Waldemar Sobota: To marzenie dla każdego, aby być w fazie grupowej

W czwartek piłkarze Śląska Wrocław w pierwszym meczu IV rundy eliminacji do Ligi Europejskiej zmierzą się z Rapidem Bukareszt. - W IV rundzie już nie ma łatwych rywali - powiedział w rozmowie z portalem SportoweFakty.pl Waldemar Sobota, skrzydłowy WKS-u.

Artur Długosz
Artur Długosz

- Wiem, że jest dla Śląska historyczny mecz. Od 30 lat to najważniejsze spotkanie dla klubu. To marzenie dla każdego, aby być w fazie grupowej. My postaramy się, żeby tak było - powiedział w rozmowie z portalem SportoweFakty.pl Waldemar Sobota. W czwartek bowiem piłkarze Śląska Wrocław rozegrają pierwsze spotkanie z Rapidem Bukareszt. Zwycięzca dwumeczu awansuje do fazy grupowej Ligi Europejskiej.

- W IV rundzie już nie ma łatwych rywali. Teoretycznie mówi się jednak, że Rapid jest łatwy, bo mogliśmy trafić na lepszych. Zagramy jednak z Rapidem, wiemy, że jest to bardzo doświadczona drużyna.

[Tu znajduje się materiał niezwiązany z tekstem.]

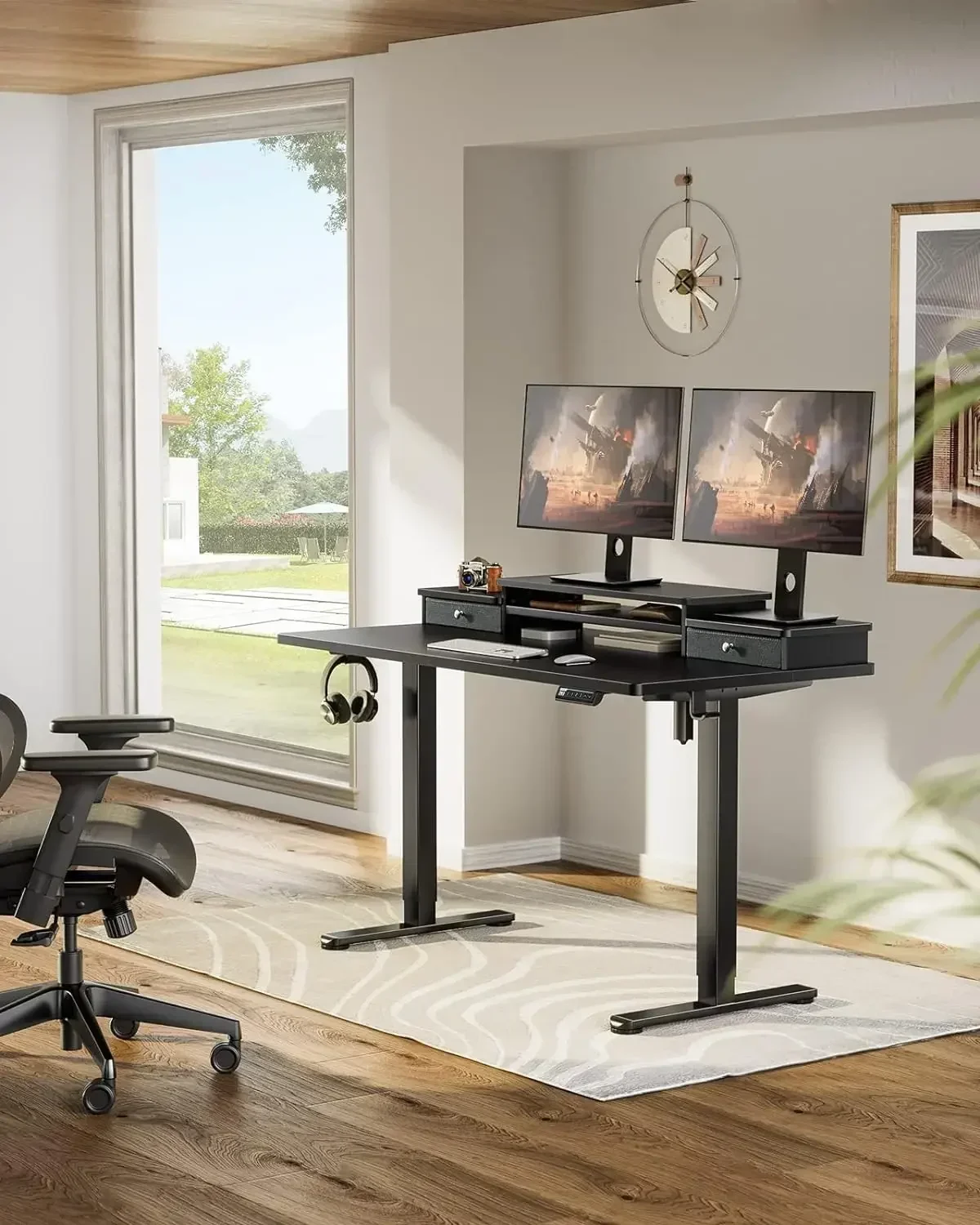 ErGear-Electric Standing Desk with Double Drawers, 55x28 Inches, Adjustable Height, Sit Stand Up , Home and Office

Pięciu, sześciu zawodników z tego zespołu w swojej przeszłości grało w dobrych ligach. To trudny rywal, ale postaramy się mu przeciwstawić - wyjaśnia skrzydłowy WKS-u.

Do tej pory poprzedni rywale Śląska w europejskich rozgrywkach we Wrocławiu murowali bramkę i liczyli na kontry. Czy tak będzie i tym razem? - Ciężko powiedzieć jak oni się zaprezentują. Grają dużo piłką - to wiadomo. My postaramy się zagrać na miarę swoich możliwości. Jeżeli zagramy na swoim stałym poziomie to myślę, że jesteśmy w stanie ich tutaj pokonać - zaznacza Sobota.

- Myślę, że jesteśmy dobrze przygotowani do sezonu. Widać to po tych pierwszych meczach, które wygraliśmy w tym sezonie - nie tylko w pucharach, ale także i w lidze. Nie przegrywamy, a co więcej w części z nich odnieśliśmy zwycięstwa. Mam nadzieję, że teraz też tak będzie - podsumował piłkarz drużyny Oresta Lenczyka.